▶ [Problem statement]
Repeat the data exactly. Pictures are not part of the copy.

▶ [Given entries]
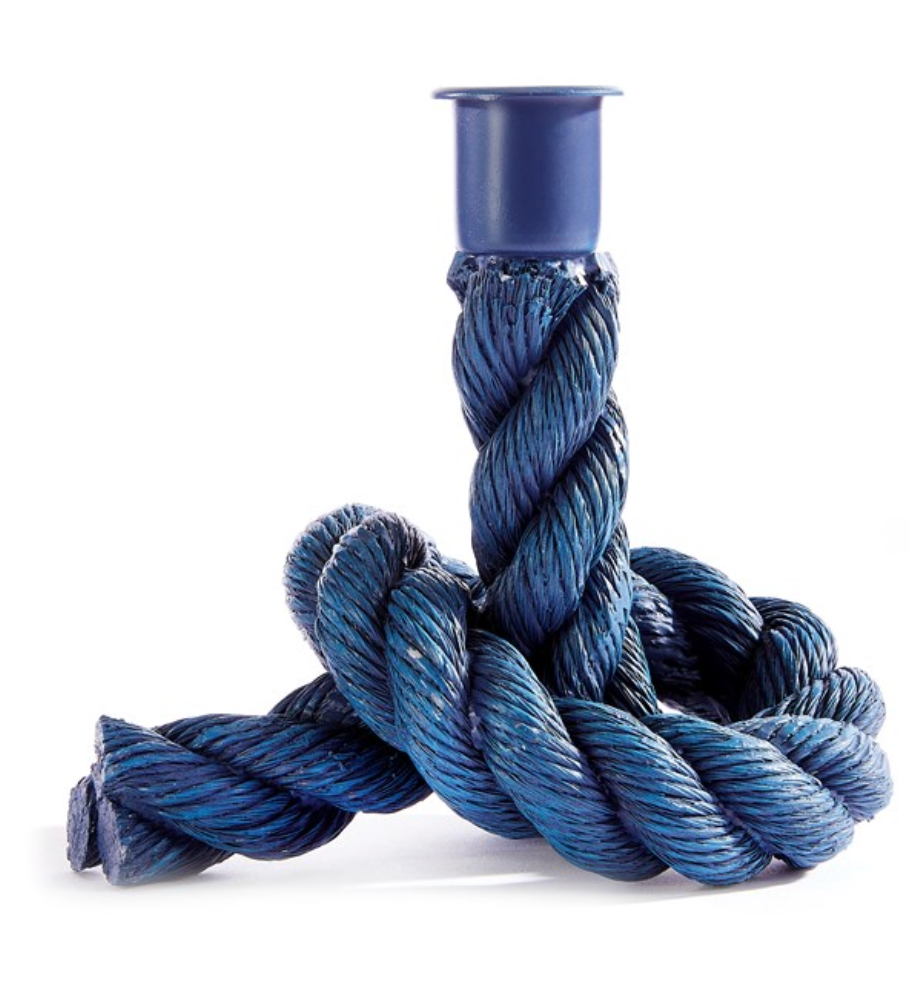 Knot Candle Holder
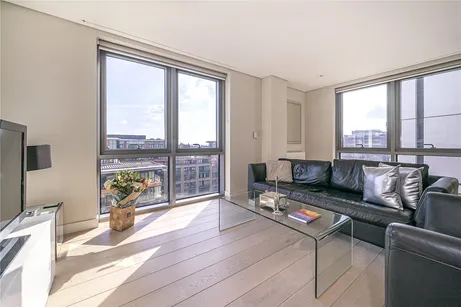 Merchant Square East, London, W2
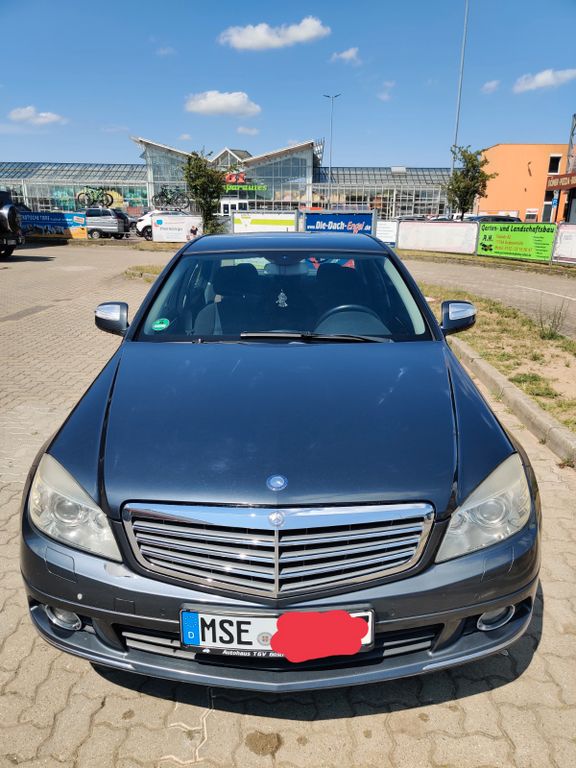Bild des Angebotes Mercedes-Benz C220 CDI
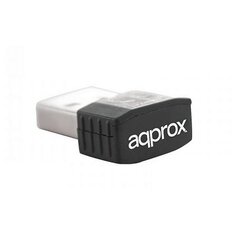 USB - Wi-fi adapter approx! APPUSB600NAV2 a hind ja info | USB jagajad, adapterid | kaup24.ee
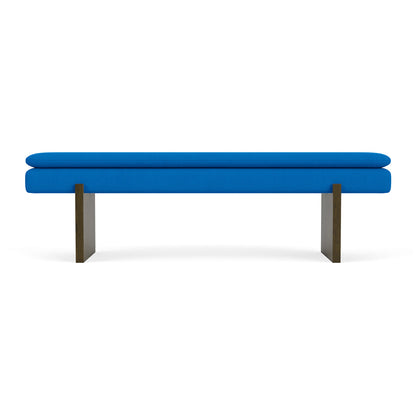 Umi Dark Walnut Bench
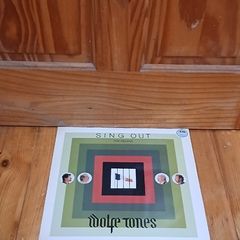The Wolfe Tones - Sing Out For Ireland - LP - Irish Music - Triskel Records - 1987
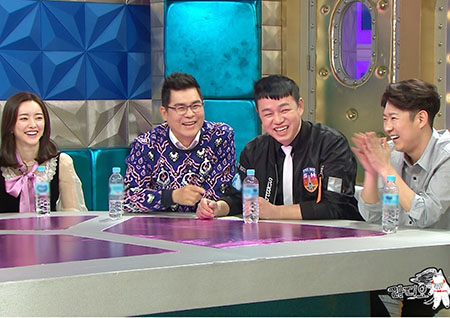 개그맨 김경민, 일 년에 딱 한 번 방송! 올해는 <라디오스타>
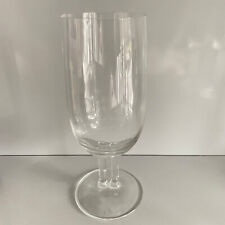Rosenthal Cupola klar  BIERTULPE  18,5 cm Glas Bellini I.Wahl Pils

▶ [Written answer]
 Knot Candle Holder
 Merchant Square East, London, W2
Bild des Angebotes Mercedes-Benz C220 CDI
 USB - Wi-fi adapter approx! APPUSB600NAV2 a hind ja info | USB jagajad, adapterid | kaup24.ee
 Umi Dark Walnut Bench
The Wolfe Tones - Sing Out For Ireland - LP - Irish Music - Triskel Records - 1987
 개그맨 김경민, 일 년에 딱 한 번 방송! 올해는 <라디오스타>
Rosenthal Cupola klar  BIERTULPE  18,5 cm Glas Bellini I.Wahl Pils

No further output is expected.